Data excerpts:
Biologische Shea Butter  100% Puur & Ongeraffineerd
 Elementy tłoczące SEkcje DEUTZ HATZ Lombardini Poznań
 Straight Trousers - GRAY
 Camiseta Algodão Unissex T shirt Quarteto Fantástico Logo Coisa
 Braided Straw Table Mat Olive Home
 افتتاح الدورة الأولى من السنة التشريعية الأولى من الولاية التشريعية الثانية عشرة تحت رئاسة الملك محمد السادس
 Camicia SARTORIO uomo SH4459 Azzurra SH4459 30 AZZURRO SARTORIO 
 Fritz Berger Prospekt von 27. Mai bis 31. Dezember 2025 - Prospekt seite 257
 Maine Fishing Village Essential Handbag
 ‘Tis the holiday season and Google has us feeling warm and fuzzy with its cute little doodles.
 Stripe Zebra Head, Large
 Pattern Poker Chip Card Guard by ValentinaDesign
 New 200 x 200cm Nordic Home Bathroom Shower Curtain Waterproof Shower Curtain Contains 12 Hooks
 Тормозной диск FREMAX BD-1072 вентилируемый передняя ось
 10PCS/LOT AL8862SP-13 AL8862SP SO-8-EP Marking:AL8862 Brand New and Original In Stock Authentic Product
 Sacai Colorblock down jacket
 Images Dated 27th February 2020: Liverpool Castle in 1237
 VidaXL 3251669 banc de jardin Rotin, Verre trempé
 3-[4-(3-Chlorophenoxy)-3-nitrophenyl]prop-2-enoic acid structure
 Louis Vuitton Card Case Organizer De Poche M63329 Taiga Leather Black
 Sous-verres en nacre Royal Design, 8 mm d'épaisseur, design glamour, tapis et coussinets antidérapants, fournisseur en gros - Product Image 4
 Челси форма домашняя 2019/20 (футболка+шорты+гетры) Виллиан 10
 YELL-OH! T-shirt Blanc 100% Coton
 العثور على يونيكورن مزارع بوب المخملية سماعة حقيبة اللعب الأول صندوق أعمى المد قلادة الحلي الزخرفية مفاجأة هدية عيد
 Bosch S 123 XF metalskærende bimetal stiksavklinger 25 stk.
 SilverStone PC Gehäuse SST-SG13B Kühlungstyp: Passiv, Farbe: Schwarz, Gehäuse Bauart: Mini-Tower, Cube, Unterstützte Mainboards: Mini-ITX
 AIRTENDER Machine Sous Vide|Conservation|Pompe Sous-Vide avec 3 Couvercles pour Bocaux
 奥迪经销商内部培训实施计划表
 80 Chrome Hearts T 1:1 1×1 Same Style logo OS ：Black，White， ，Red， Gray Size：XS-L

* _TASK DETAILS_
Would you please copy all lines in the data that contain the word "Product"?

* _PROBLEM SOLUTION_
 10PCS/LOT AL8862SP-13 AL8862SP SO-8-EP Marking:AL8862 Brand New and Original In Stock Authentic Product
 Sous-verres en nacre Royal Design, 8 mm d'épaisseur, design glamour, tapis et coussinets antidérapants, fournisseur en gros - Product Image 4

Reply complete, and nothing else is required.